• **Given records**:

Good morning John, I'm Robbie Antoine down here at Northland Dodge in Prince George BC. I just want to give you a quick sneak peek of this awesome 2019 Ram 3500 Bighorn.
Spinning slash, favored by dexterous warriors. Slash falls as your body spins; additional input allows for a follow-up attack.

* * *

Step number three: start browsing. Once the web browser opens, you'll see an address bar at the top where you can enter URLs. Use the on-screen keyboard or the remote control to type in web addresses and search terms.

• **Task brief**:
The answer is the lines above between the line holding "Good morning John, I'm" and the line holding "Spinning slash, favored", inclusive, each written out exactly, and no others.

• **Reply**:
Good morning John, I'm Robbie Antoine down here at Northland Dodge in Prince George BC. I just want to give you a quick sneak peek of this awesome 2019 Ram 3500 Bighorn.
Spinning slash, favored by dexterous warriors. Slash falls as your body spins; additional input allows for a follow-up attack.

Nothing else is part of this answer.